**What the task asks:** Reproduce the data exactly as given, except for any images.

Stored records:
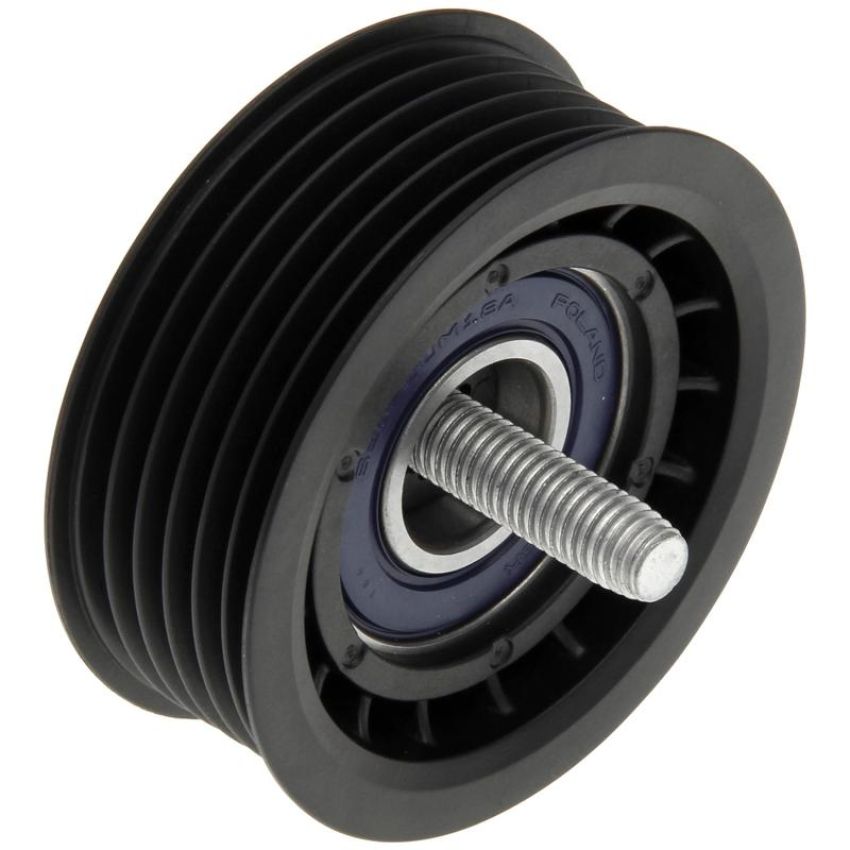 Litens 900665A Accessory Belt Drive Idler Pulley - Original Equipment Quality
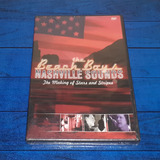 The Beach Boys Nashville Sound Dvd Arg Nuevo Maceo-disqueria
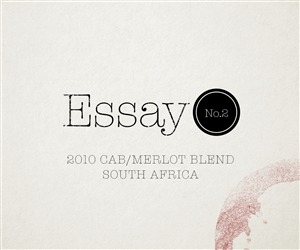 Design Graphique par Dewdle Studio pour Essay wines | Design : #2146458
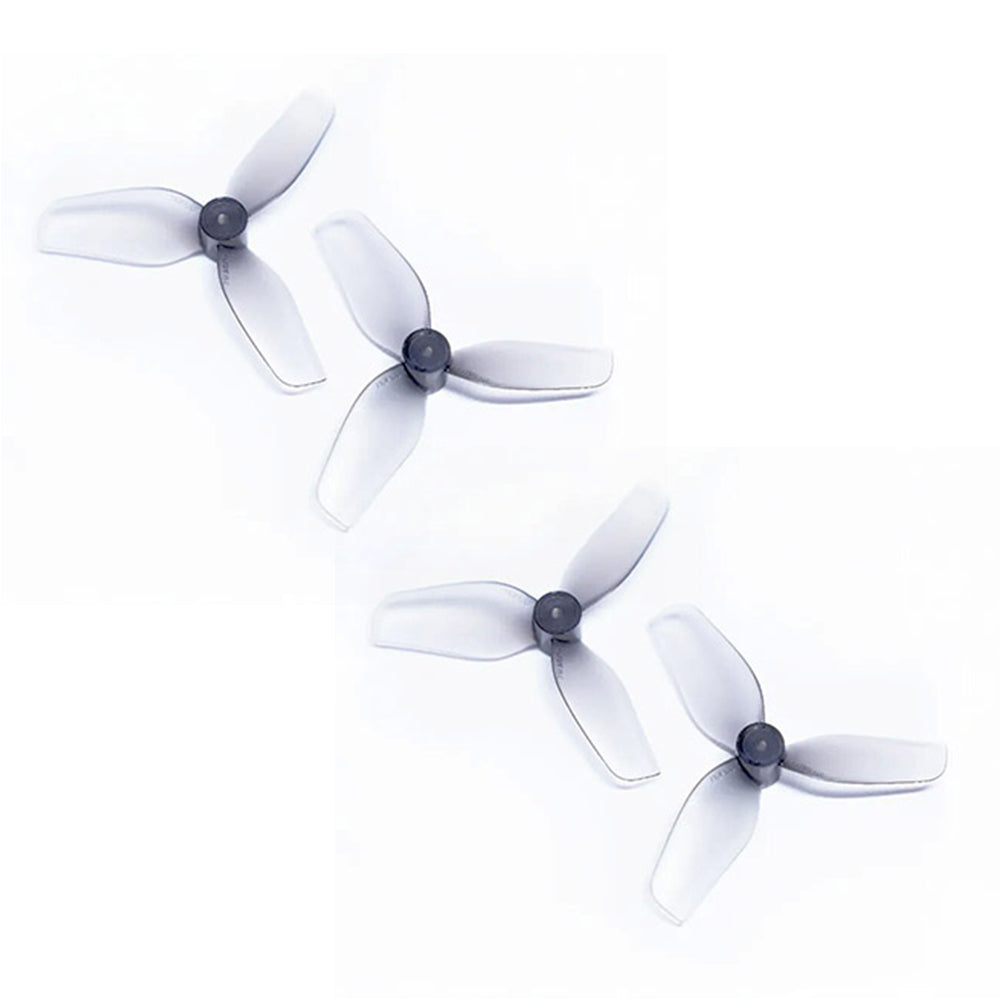 6 Pairs HQProp Ultralight Whoop Prop 31MMX3 31mm 1.2x1.1 1.2Inch Propeller 1mm Hole for RC Drone FPV Racing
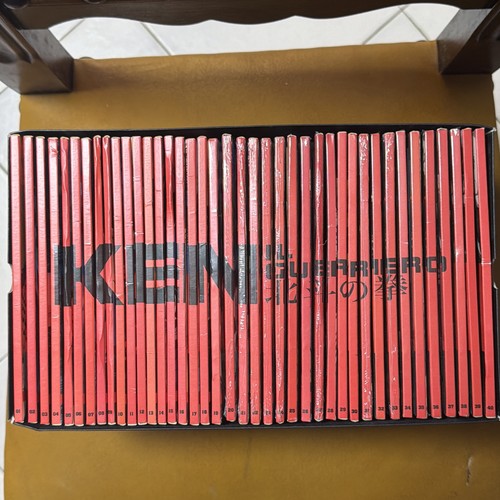 Dvd ken guerriero - ken,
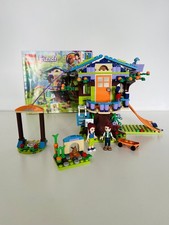 LEGO Friends 41335 Mia's Treehouse Set 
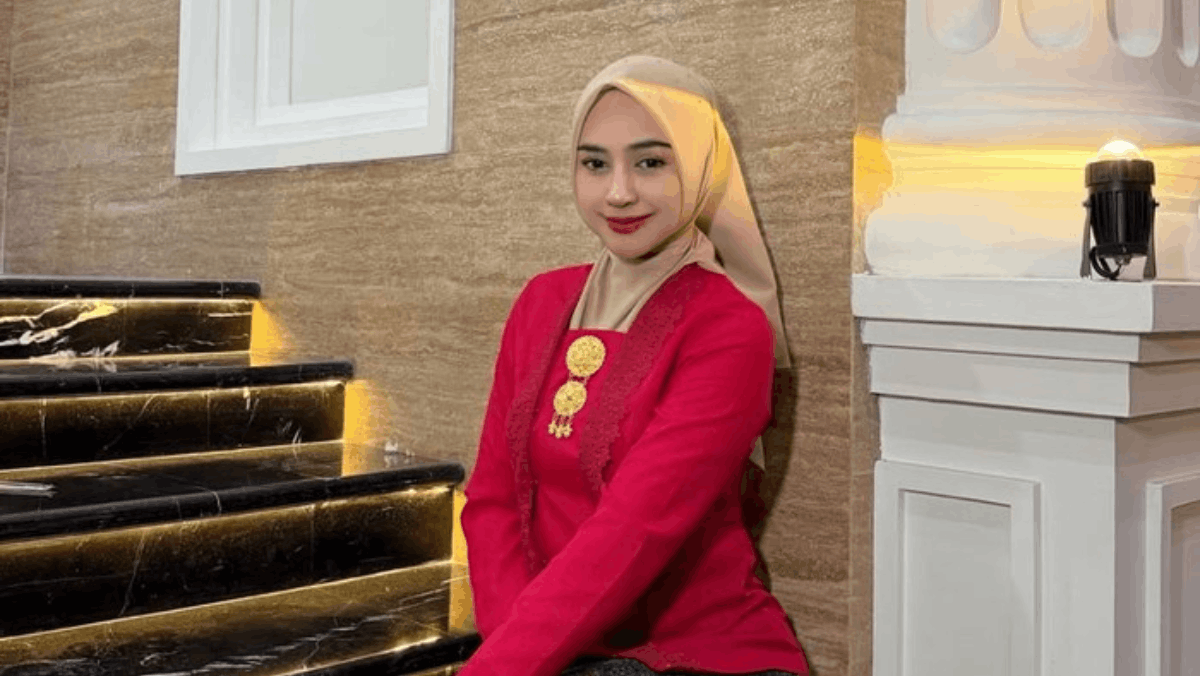 Penampilan terbaru Ria Ricis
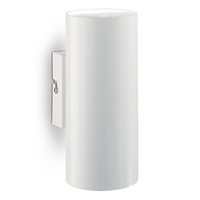 Бра Ideal Lux LOOK AP2 BIANCO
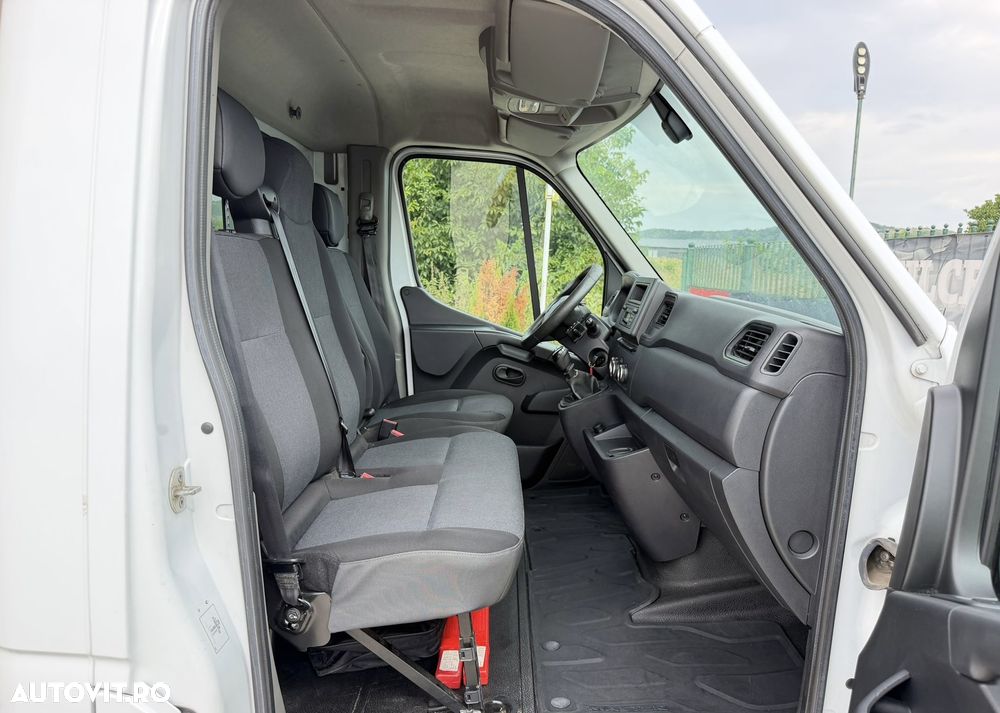 Renault Master 2.3 DCI 8 EUROPALETI LIFT SPATE - 23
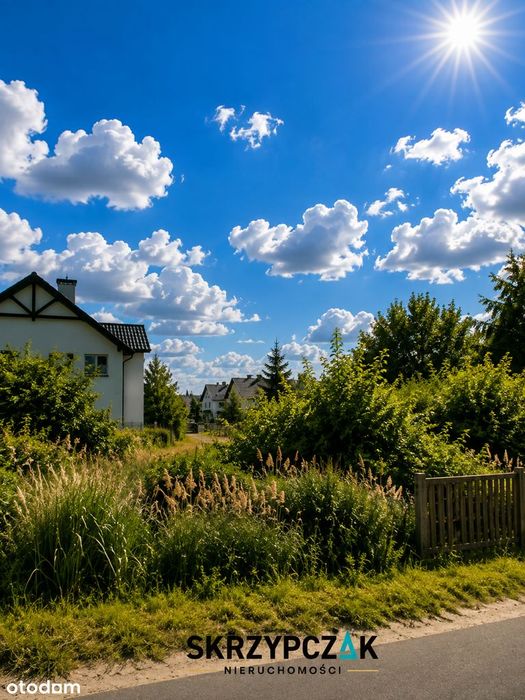 4 działki pod szeregowce – inwestycja gotowa na dobry start - Widok 3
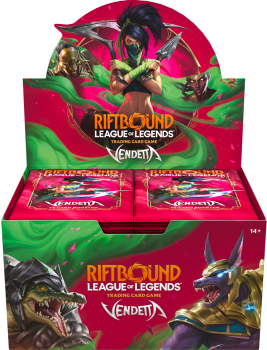 Riftbound Vendetta Booster Box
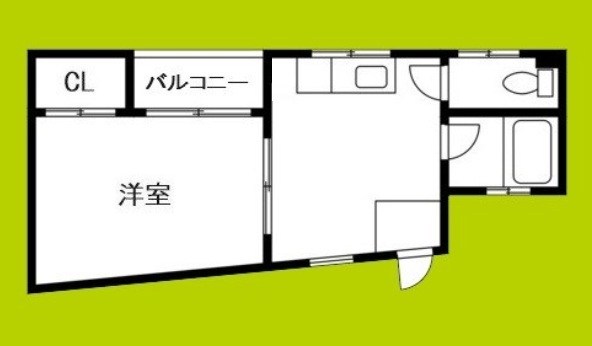 ソラーナあびこ 間取り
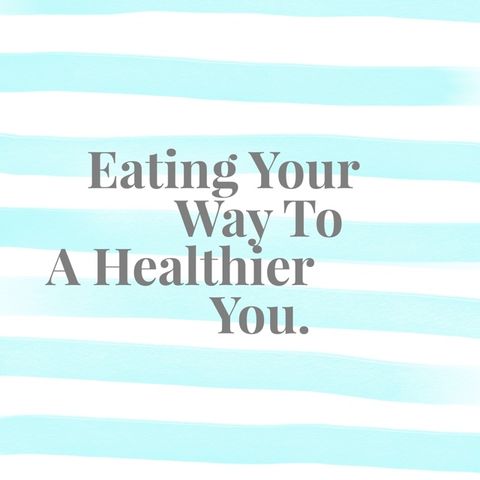 Eating Your Way To A Healthier You - With Hazel Wallace (The Food Medic)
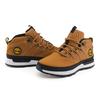 Timberland Outdoor Stain Resistant Water Repellent Slip Resistant Low Top Hiking Shoes Men Hiking Shoes Wheat A5VXCM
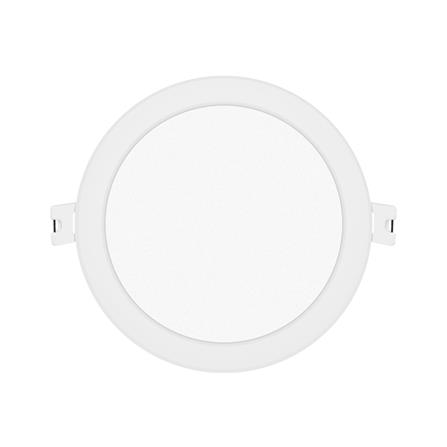 ดาวน์ไลท์ LED CARINI SUNBRIGHT 5.3 นิ้ว 15 วัตต์ WARM WHITE สีขาว_0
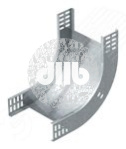 7007006 Вертикальный угол 90° внутренний 60x100 RBV 610 S FT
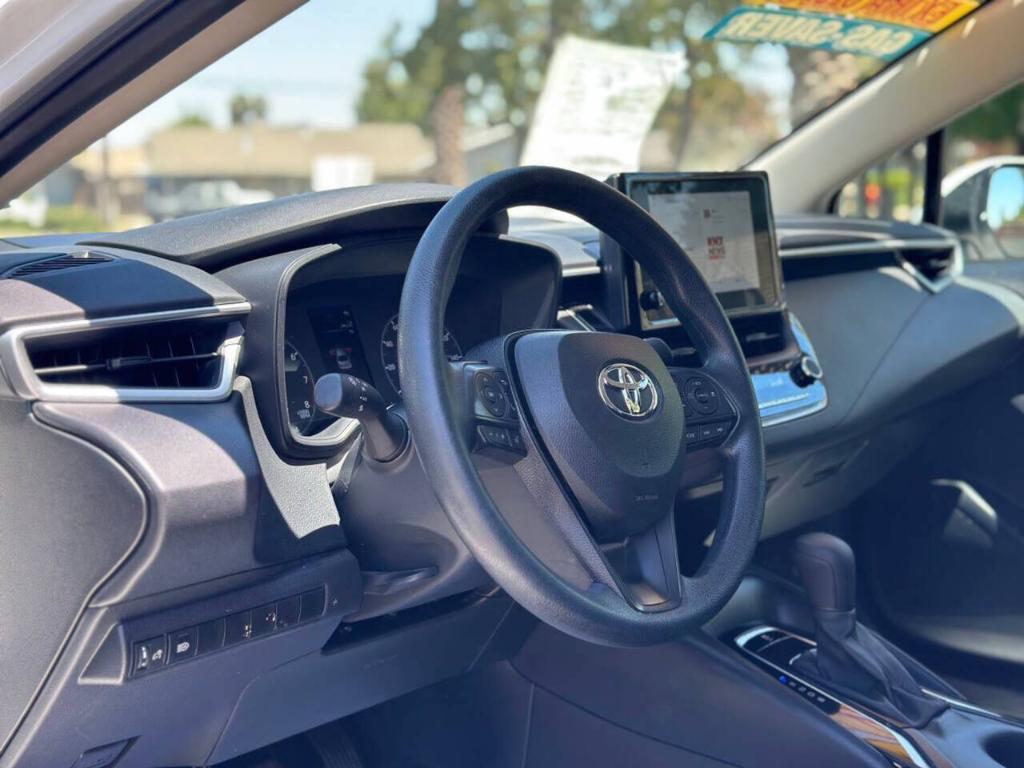 used 2024 Toyota Corolla car, priced at $21,997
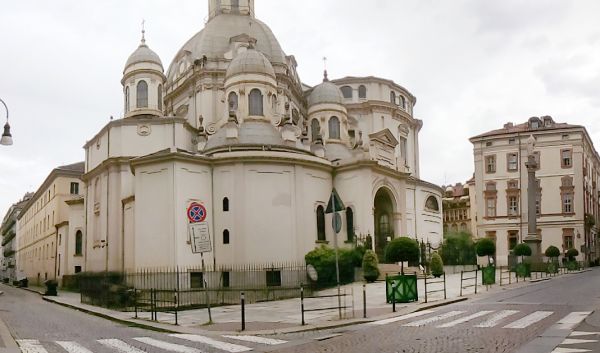 Church of the Consolata, Turin, Italy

**Result for this task:**
 Litens 900665A Accessory Belt Drive Idler Pulley - Original Equipment Quality
 The Beach Boys Nashville Sound Dvd Arg Nuevo Maceo-disqueria
 Design Graphique par Dewdle Studio pour Essay wines | Design : #2146458
 6 Pairs HQProp Ultralight Whoop Prop 31MMX3 31mm 1.2x1.1 1.2Inch Propeller 1mm Hole for RC Drone FPV Racing
 Dvd ken guerriero - ken,
 LEGO Friends 41335 Mia's Treehouse Set 
 Penampilan terbaru Ria Ricis
 Бра Ideal Lux LOOK AP2 BIANCO
 Renault Master 2.3 DCI 8 EUROPALETI LIFT SPATE - 23
 4 działki pod szeregowce – inwestycja gotowa na dobry start - Widok 3
 Riftbound Vendetta Booster Box
 ソラーナあびこ 間取り
 Eating Your Way To A Healthier You - With Hazel Wallace (The Food Medic)
 Timberland Outdoor Stain Resistant Water Repellent Slip Resistant Low Top Hiking Shoes Men Hiking Shoes Wheat A5VXCM
 ดาวน์ไลท์ LED CARINI SUNBRIGHT 5.3 นิ้ว 15 วัตต์ WARM WHITE สีขาว_0
 7007006 Вертикальный угол 90° внутренний 60x100 RBV 610 S FT
 used 2024 Toyota Corolla car, priced at $21,997
 Church of the Consolata, Turin, Italy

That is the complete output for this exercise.